I like to travel by train, and the subway is easy to navigate. Buses, thou, are unpredictable. So, I wake up early enough to try to get into the first bus to Badaling. I take the subway to the bus stop. And, as I get out of the station, I follow the signposts to the 877 bus stop. I walk for a while, following sign after sign. Until I stumble upon the last 877 signboard, and there are no more directions. I walk around the place for a couple of minutes. I do not know where to go from here, the site does not look like a bus stop. Luckily, I have an Internet SIMM, and Baidu Translate installed on the phone. After a couple of clicks, I translate the signboard I have been circling around: “the bus station is at the other side of the road”. The 877 bus stop is in a poorly illuminated area on the other side of a four lanes road. I cross to find a few buses scattered around and no other sign to indicate a bus stop. Luckily, five minutes of waiting later, the 877 arrives close by, and I jump in.
The 877 advances slowly in the fluid morning traffic. At 1.57€, the bus is a cheap although slow way to get to the Great Wall. Other, more expensive, faster tourist busses pass us in our approach to Badaling. But, the important part is that I am in my way to the wall.
One interesting fact about the Great Wall is that it is not actually one wall. But, there are many segments here and there, and not all are interconnected. So, I am not surprised when I see the wall and the bus just passes by without stopping. I just saw “a wall”, but not the Badaling segment of the wall that is one of the best-preserved. I still find reassuring to check the phone as the GPS shows how I advance in the planned route to get to my destination.
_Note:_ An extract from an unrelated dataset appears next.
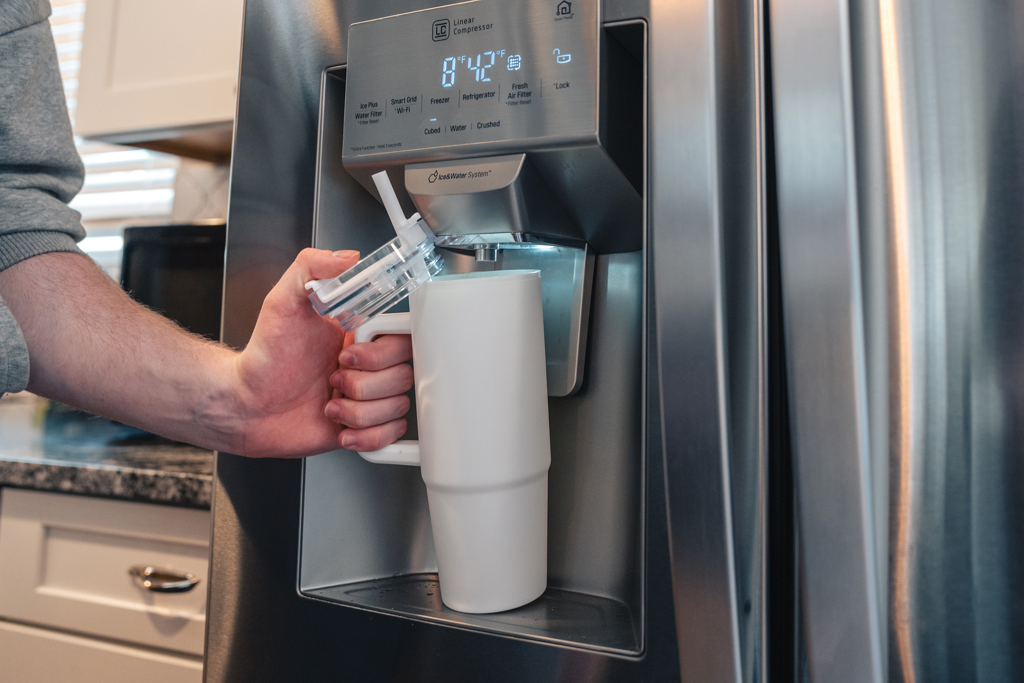 Vaso Tana RCS plástico reciclado con asa 900ML
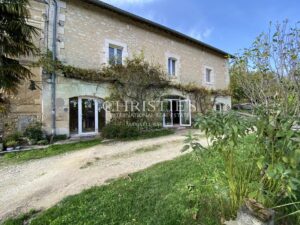 Un hameau authentique et autonome aux portes du Périgord Vert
I get down the vehicle and feel an eight-degrees-below-zero freezing gust in my face. I get the ticket that I purchased weeks ago on-line and go thru the site entrance.
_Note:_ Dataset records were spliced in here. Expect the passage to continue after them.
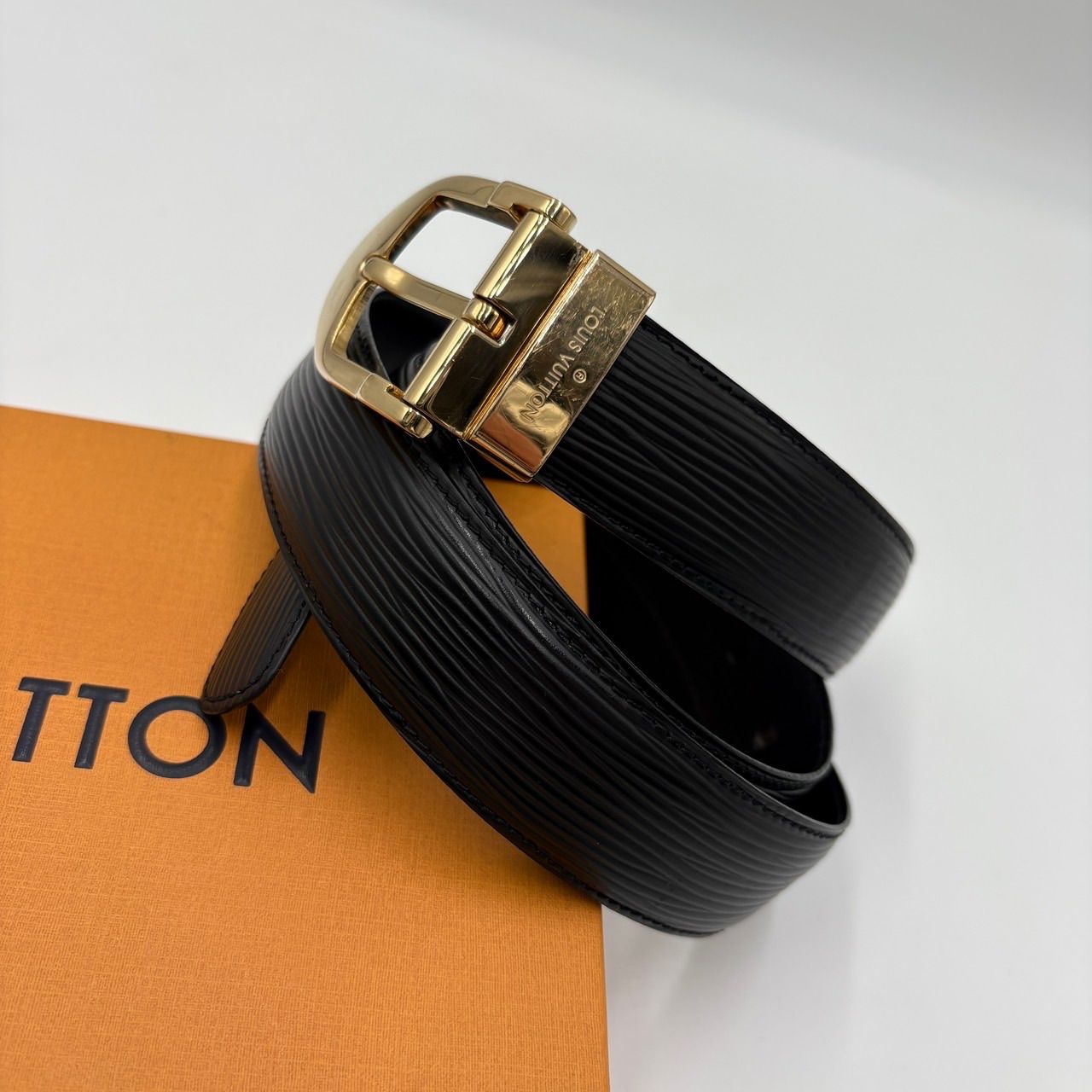 ルイヴィトン エピ サンチュールベルト ユニセックス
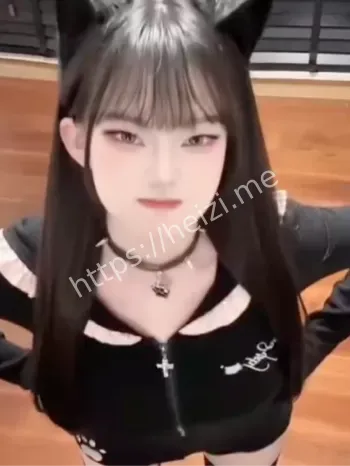 抖音博主AI合成视频流出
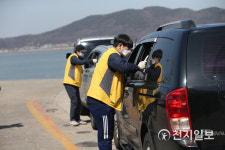 섬 여행객 체온 측정하는 옹진군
As in the Forbidden City, the views trigger memories of movies, comics and the many visual representations I have seen thru the years.
The entrance leads to a point in the middle of the restored wall. I need to decide, left or right. I see groups of people going in either direction. I go to the left. Walking on the wall proves challenging. There are many step slopes. When I arrive at the first tower, I see its name is the ‘First Tower of the South Side’. I push forward from tower to tower. The ‘Seventh Tower of the South Side’ is the last one on this side of the restored wall. There I stop for a moment and look at the guard that is waiting in the freezing weather. I intentionally do a loud hands-clapping to keep the blood flowing while smiling at the guard. He moves his feet and smiles back. The non-verbal communication is the equivalent of ‘It is freezing today’, ‘Yeah, it is damn cold’. Some gestures are understood across cultures and, I am quite sure, across time.
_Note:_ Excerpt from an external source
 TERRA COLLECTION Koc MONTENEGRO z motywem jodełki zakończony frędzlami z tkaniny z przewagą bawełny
I go back to the starting point. I need to decide what to do next. There is not much more to see. The wall just extends in the North direction. But, I choose to continue walking even that I am slightly tired. I cross many people on my path. A group is taking a group picture and ask me to join, my western status and my beard have gained me a temporary celebrity status. I ask for a photo back.
When I get to the ‘Twelfth Tower of the North Side’ I continue walking, I will try to get all-around to the starting point by a different path. I could have easily taken the descending cable cars or the long but already known way back, but I am fully engaged in walking the Great Wall. What started as a visit to a historical monument and an icon of Chinese culture has become a physical challenge.
At moments I doubt the sanity of my decision, it is not just a walk, the wall has such steep slopes that some times I use the handrails as a rope while descending walking backwards. Very few people take this part of the path, I pass many of them sitting down to gain energy back. I do not stop. Finally, I get to the exit where street food-booths are waiting. I could have continued a few more hundred meters to the end of this side of the wall. The challenge is there. But, I am physically exhausted. It will not be wise to risk injuring myself when there is so much travel still left. I will come back someday to follow that path to the end.
I take the bus 877 back to Beijing. It leaves at 11:00. I am exhausted, but the hour-long trip back to the city helps me to recover some energy. I take the subway again, and I go to visit the National Museum. It is just noon, the day is not over.
In the museum, I see A group of children from the same school visiting the exhibits. Or, at least, they all wear the same uniform. The teacher stops in different artefacts and gives the lesson talking to a microphone. All children have a headphone that receives the signal. Like is commonly done for groups of tourists. Most of the children watch the item during the lesson. A few of them go around filling some assignment in their notebooks. I have seen in China the most modern and more outdated social trends. The class seems cool enough.
The exhibits are as interesting as they get. So, I spend the rest of the day here walking thru Chinese history.
I exit the National Museum by the Tienanmen Square and walk to the hotel from there. It is just a half an hour walk.